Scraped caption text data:
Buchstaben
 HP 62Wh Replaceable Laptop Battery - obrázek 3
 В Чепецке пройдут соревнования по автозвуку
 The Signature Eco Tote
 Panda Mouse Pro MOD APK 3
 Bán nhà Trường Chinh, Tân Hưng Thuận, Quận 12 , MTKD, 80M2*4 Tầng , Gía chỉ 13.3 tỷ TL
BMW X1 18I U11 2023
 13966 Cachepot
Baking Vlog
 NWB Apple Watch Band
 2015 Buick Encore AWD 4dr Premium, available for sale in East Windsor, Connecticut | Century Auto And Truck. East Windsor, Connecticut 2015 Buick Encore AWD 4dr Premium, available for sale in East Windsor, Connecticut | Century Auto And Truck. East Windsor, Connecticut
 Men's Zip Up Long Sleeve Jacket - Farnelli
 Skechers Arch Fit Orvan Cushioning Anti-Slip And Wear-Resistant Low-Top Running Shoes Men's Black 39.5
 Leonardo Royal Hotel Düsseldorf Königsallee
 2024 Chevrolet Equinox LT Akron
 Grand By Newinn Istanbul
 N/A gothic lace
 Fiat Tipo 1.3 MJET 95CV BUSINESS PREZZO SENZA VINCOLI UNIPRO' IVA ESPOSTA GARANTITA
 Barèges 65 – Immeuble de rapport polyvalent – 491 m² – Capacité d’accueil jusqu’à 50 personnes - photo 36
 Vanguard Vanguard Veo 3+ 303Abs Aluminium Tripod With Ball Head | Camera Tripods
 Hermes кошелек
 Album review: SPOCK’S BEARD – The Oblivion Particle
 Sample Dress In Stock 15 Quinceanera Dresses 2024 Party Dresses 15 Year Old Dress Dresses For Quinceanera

- Task to carry out -
Above are the entries. Quote exactly the lines from the one bearing "NWB Apple Watch Band" through the one bearing "Windsor, Connecticut 2015".

- Answer space -
 NWB Apple Watch Band
 2015 Buick Encore AWD 4dr Premium, available for sale in East Windsor, Connecticut | Century Auto And Truck. East Windsor, Connecticut 2015 Buick Encore AWD 4dr Premium, available for sale in East Windsor, Connecticut | Century Auto And Truck. East Windsor, Connecticut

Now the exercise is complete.